You can take the diva out of Vegas but you can't take the Vegas out of the diva. Dion, who appeared in a silver sequin flared jumpsuit, took a detour from the emotional balladry to deliver a flashy, upbeat medley which included David Bowie's “Let's Dance,” “Kiss” by Prince, Patti LaBelle's “Lady Marmalade,” and Queen's stadium banger “Another One Bites the Dust.”
To cap the evening, Dion's encore gave her signature Academy Award-winning blockbuster hit, “My Heart Will Go On” true first-class treatment. She emerged in a frothy, other-worldly, cloud-like white gown as a fleet of tiny illuminated drones hovered around her, darting like stars against a blackened stage, and Dion herself glowing like a goddamn angelic iceberg ready to destroy hate, pain, and fear — because if there is any takeaway from Dion's rare Detroit appearance it is this: The girl has courage.
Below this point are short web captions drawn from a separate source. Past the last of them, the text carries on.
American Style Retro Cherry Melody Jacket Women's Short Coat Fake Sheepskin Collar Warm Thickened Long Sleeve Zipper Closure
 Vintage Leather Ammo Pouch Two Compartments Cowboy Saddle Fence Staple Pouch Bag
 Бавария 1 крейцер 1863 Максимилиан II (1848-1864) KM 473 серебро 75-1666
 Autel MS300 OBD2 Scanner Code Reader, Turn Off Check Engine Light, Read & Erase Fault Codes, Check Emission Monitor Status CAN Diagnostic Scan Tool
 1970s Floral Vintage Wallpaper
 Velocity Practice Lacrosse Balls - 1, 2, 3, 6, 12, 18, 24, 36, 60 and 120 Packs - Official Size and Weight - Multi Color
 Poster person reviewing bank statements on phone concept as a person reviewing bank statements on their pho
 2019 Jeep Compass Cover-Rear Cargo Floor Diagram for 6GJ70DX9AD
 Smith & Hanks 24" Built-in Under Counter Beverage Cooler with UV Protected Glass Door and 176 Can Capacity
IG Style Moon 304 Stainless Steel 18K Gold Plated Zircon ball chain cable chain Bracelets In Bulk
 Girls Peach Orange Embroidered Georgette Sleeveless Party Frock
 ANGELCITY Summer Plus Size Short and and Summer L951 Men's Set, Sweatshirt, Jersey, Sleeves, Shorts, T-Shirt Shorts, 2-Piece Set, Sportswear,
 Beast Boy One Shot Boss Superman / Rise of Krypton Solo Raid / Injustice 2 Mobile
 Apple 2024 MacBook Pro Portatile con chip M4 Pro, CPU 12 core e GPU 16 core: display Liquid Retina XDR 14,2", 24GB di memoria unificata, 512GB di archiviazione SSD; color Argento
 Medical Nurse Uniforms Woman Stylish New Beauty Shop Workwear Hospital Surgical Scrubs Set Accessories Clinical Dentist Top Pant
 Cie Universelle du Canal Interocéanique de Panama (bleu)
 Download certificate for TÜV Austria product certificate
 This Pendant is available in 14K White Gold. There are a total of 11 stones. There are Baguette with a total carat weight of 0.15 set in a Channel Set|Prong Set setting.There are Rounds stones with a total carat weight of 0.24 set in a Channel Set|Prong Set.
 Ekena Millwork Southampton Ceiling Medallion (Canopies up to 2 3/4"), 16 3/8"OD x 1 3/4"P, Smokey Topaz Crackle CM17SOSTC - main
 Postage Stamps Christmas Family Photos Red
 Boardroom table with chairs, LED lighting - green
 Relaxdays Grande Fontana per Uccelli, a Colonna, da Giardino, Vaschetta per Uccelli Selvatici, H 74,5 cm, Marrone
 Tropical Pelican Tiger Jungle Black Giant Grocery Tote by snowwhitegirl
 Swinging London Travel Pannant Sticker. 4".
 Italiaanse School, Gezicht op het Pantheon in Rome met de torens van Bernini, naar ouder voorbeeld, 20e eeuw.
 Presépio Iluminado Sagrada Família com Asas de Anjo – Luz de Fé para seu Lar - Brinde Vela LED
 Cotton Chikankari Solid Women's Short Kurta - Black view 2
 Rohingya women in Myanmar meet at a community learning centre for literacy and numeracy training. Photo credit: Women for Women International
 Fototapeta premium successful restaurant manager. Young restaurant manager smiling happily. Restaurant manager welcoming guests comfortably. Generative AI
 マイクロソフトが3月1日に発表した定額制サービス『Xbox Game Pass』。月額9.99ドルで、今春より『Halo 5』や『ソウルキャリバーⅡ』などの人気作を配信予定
Though it's pretty much impossible to follow up "the Titanic song," Dion did just that with a “message of peace and harmony” as she soared into a beautifully restrained rendition of John Lennon's “Imagine” which held the crowd in a meditative moment of stillness and reflection, Dion being the flame on which we directed our focus. Our shared intention? To lure Dion back to Detroit sooner rather than later because she is the last of her kind, near or far.